=== WHAT IS EXPECTED ===
Go through the material line by line and tally those containing the string "Stock". Only the tally is wanted.

=== PROVIDED DATA ===
[Start of section]

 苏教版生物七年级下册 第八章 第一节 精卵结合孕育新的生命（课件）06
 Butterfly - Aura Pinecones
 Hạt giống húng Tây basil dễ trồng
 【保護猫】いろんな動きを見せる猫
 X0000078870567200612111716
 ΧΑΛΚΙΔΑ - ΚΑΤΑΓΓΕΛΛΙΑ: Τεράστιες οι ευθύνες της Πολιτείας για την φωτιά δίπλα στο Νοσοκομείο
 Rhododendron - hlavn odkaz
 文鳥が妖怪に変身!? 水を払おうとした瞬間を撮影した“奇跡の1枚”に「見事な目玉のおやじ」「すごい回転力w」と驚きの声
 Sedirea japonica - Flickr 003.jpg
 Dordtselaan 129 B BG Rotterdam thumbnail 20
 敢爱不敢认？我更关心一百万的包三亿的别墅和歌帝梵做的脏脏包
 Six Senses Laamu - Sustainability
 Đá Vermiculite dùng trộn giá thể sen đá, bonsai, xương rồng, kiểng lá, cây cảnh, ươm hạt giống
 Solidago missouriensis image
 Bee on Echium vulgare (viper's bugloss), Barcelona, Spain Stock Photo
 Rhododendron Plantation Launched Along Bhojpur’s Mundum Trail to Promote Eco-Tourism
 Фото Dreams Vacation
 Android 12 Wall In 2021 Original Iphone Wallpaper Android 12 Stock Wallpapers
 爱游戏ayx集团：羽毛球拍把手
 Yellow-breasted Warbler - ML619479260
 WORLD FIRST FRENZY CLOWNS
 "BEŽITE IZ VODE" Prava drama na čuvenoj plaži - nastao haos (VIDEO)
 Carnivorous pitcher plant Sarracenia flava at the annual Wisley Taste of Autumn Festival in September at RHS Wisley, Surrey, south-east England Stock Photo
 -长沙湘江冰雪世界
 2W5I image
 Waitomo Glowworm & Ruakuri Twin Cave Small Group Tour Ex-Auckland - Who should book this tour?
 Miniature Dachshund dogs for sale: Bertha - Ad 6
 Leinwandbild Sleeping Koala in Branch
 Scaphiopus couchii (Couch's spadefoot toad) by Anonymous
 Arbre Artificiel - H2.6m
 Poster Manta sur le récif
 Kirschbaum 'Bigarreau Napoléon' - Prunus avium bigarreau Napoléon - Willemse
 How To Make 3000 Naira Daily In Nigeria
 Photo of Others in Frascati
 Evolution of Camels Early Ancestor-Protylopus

[End of section]

=== EXERCISE SOLUTION ===
3